*** Opening of MATERIAL TO PROCESS ***

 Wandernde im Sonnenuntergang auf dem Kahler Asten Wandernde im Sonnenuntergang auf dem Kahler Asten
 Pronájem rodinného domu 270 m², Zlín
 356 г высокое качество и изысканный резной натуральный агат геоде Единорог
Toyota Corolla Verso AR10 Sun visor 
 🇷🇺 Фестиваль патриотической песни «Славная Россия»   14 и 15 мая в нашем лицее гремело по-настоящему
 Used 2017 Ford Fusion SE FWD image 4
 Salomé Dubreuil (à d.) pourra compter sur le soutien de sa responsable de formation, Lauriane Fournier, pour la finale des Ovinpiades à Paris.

*** Close of MATERIAL TO PROCESS ***

**WORK ITEM**
Copy every entry above word for word.

**EXERCISE ANSWER**
 Wandernde im Sonnenuntergang auf dem Kahler Asten Wandernde im Sonnenuntergang auf dem Kahler Asten
 Pronájem rodinného domu 270 m², Zlín
 356 г высокое качество и изысканный резной натуральный агат геоде Единорог
Toyota Corolla Verso AR10 Sun visor 
 🇷🇺 Фестиваль патриотической песни «Славная Россия»   14 и 15 мая в нашем лицее гремело по-настоящему
 Used 2017 Ford Fusion SE FWD image 4
 Salomé Dubreuil (à d.) pourra compter sur le soutien de sa responsable de formation, Lauriane Fournier, pour la finale des Ovinpiades à Paris.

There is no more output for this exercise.